After programming in 6502 language for over a decade, I was getting a bit BORED. One can only code the same routines with the same opcodes so many times before the nausea of repetition becomes overpowering. When I heard the news that CMD was building a cartridge based on a 20 MHz 65816 I was overjoyed. For years I've heard those with 65816 bases systems brag about its capabilities. To us old 6502 programmers, the opportunity to program the fabled 65816 is a new lease on life.

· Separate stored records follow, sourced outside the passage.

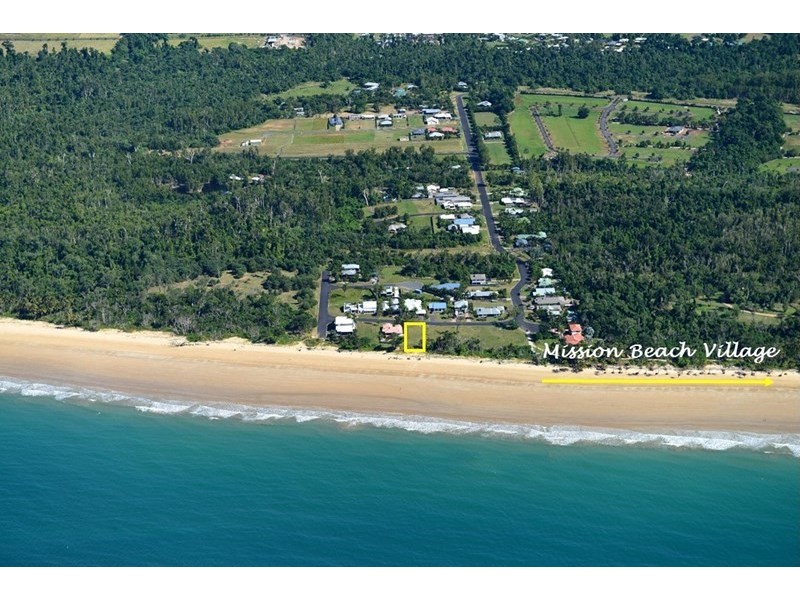 7 Conch Street, Mission Beach QLD 4852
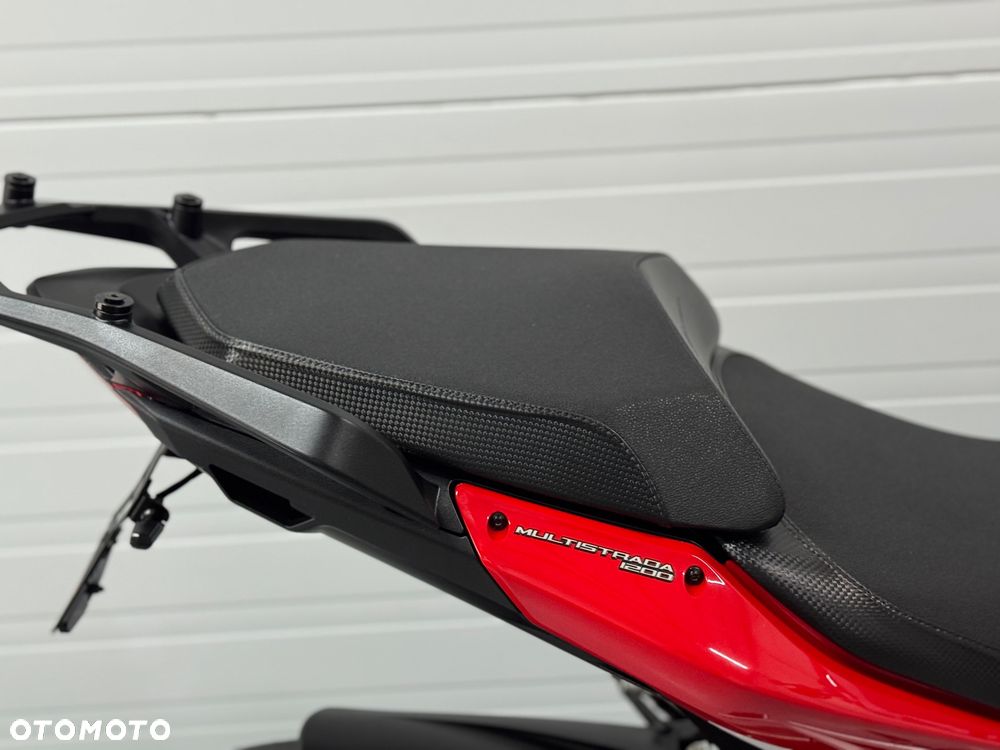 Ducati Multistrada - 6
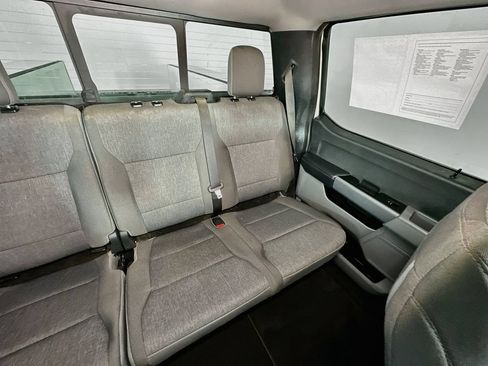 Used 2024 Ford F350 XL w/ STX Appearance Package AWD/4WD image 14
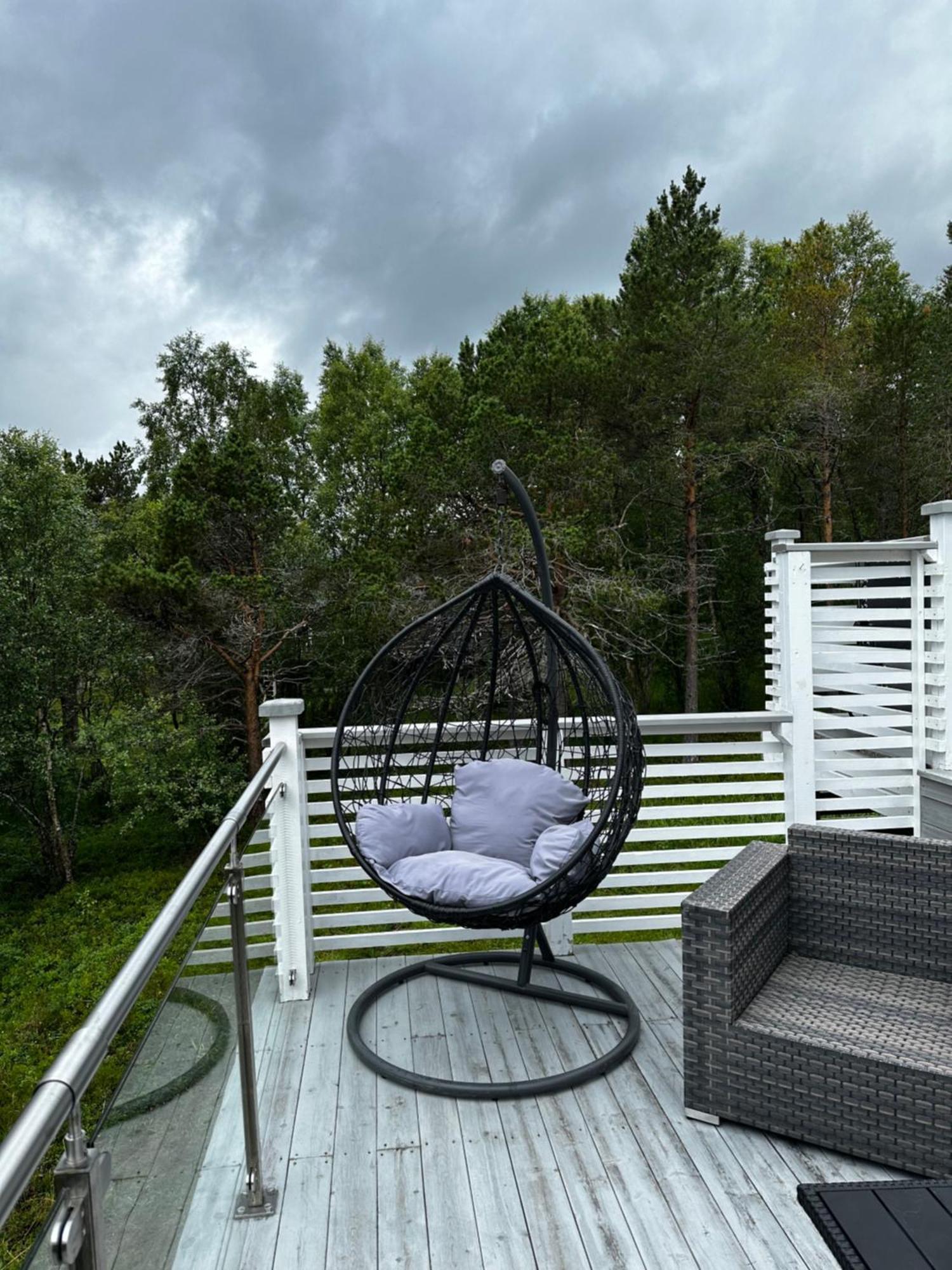 The Emerald Coast Ferienhaus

The 65816 is an 8-/16-bit register selectable upgrade to the 6502 series processor. With 24 bit addressing of up to 16 Megabytes of RAM, the powerful 65816 is a logical upgrade that leaves 6502 programmers feeling right at home. It is amazing how fast one can adapt to the new processor. It sounds funny to say it, but the only difficulty I have had learning the 65816 is that there are so many options and choices to complete the same task, that it is hard to decide which method is best.
To get started programming the 65816, I would recommend purchasing the book, "Programming the 65816" from The Western Design Center, manufacturer of the 65816. While it is a bit pricey, the sheer quality and content of the 600 page book is worth the money. Rarely, if ever, has there been a CPU manual as thorough and detailed as the Western Design book. If you know 6502 assembly, then Programming the 65816 is probably the only 65816 book you will ever need.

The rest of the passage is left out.